Captioned web images
::::::
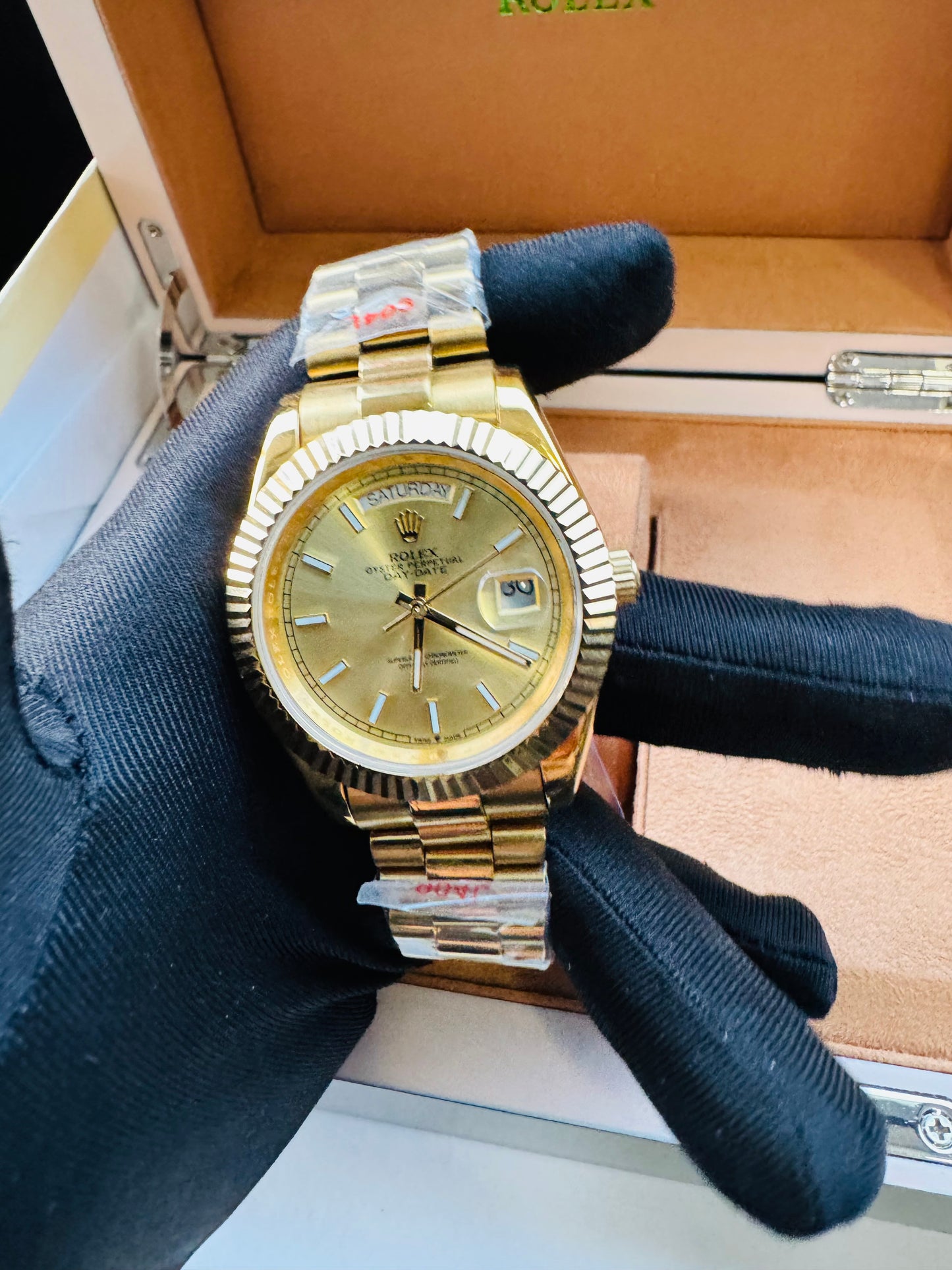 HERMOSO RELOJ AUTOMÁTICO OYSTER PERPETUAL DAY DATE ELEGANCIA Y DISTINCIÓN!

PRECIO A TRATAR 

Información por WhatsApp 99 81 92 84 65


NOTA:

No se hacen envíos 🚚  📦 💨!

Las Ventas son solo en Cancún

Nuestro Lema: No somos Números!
::::::
● What to do
Write out the records word for word. Pictures stay out.

● Expected answer
 HERMOSO RELOJ AUTOMÁTICO OYSTER PERPETUAL DAY DATE ELEGANCIA Y DISTINCIÓN!

PRECIO A TRATAR 

Información por WhatsApp 99 81 92 84 65


NOTA:

No se hacen envíos 🚚  📦 💨!

Las Ventas son solo en Cancún

Nuestro Lema: No somos Números!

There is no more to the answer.